Non-technical Product owners is the norm in most enterprises and as companies
grow you will almost always have non-technical product management. Some are
better than others, but part of the job of engineers is to manage those
relationships and expectations. That is partially why senior engineers or team
leads are paid more and have advanced further, they know how to manage the
business side of the tech job better. Not that they like it, but they get it
and do it.

If you want the person to stop doing real-time reporting, give them a way to
report issues clearly and in a way that makes them feel in control and that
you are listening. For example, give them a simple (not complex) template to
fill out for the defects, and then setup a meeting with them in two days (or
some short timeframe) to go through everything they reported and give them an
update. That meeting may only be 20 minutes for you to walk through each
defect with them verbally and see if there are any questions or follow ups and
for you to categorize the problem for them. But doing this makes the product
owner feel that you are listening and that you understand which is most of the
reason I have found they like to try and report on a call in real-time etc.
You categorizing the problem is part of what they usually are wanting, e.g.
low impact to high impact, it doesn't mean giving timeframes until you have
time to investigate more, but telling them this is a complex problem versus a
simple problem helps them feel good about what is happening.

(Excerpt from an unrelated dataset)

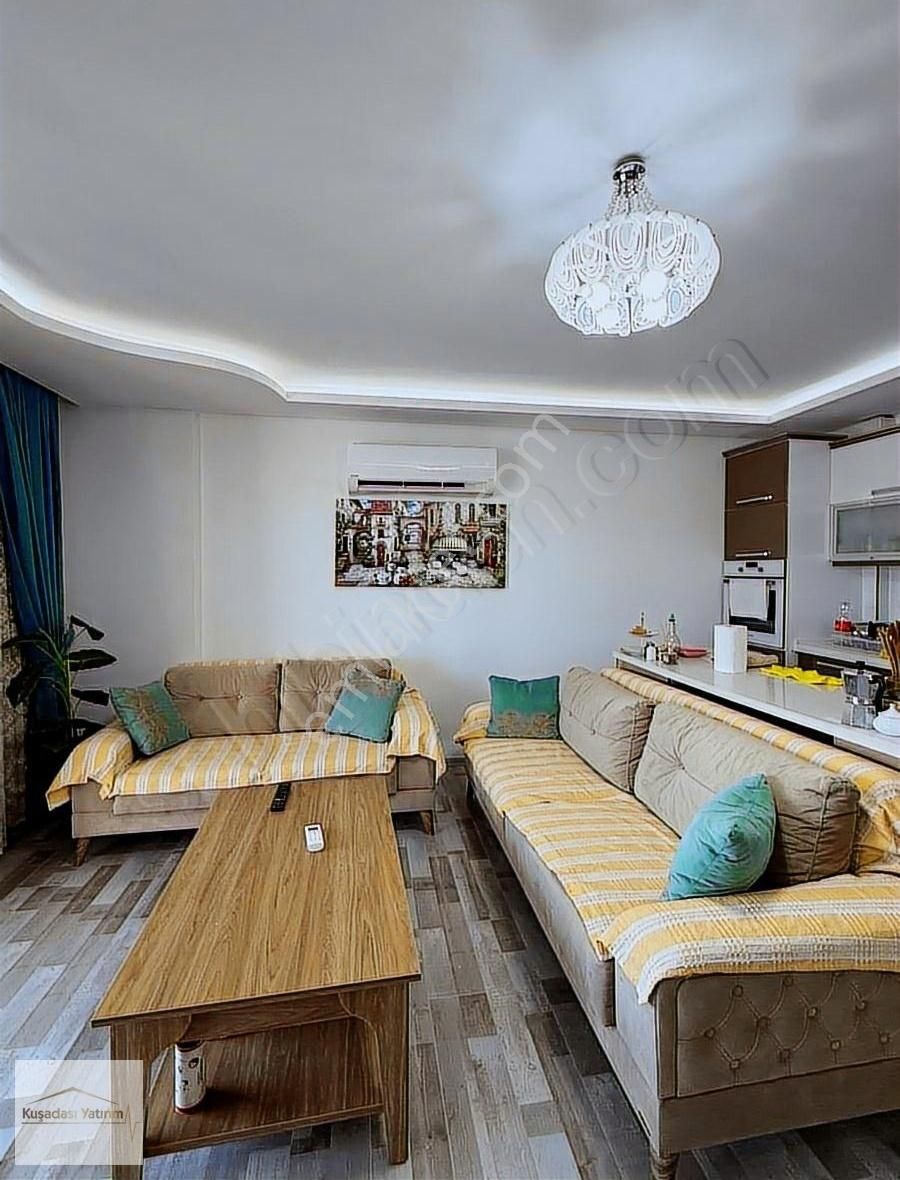 Kuşadasında Havuzlu Sitede Doğalgazlı Çatı Dubleks 4+1 Eşyalı - Görsel 16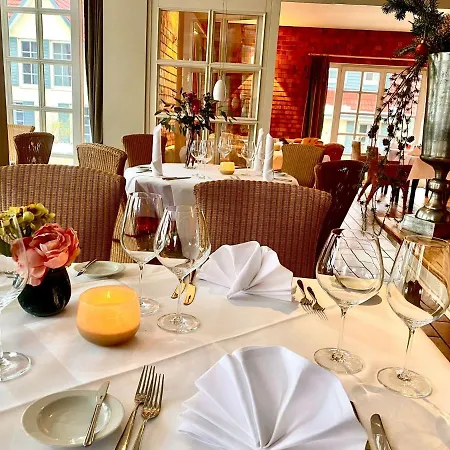 Hotell Fleesensee & 4*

99% of tech to business is learning to communicate in a language the other
side understands, and I don't mean treating people like they are stupid, I
mean putting it in terms that helps them understand how it impacts them. For
tech to business, it is in terms of time, money & complexity. Complexity being
the biggest because if they ask you for a fix but it only affects 5% of
clients but it will dominate the schedule for the next month, they'll punt on
it 9 out of 10 times to get everything else done first.

Managing the stress is learning how to communicate and understand what the
product owner wants and giving it to them before they feel compelled to come
to you.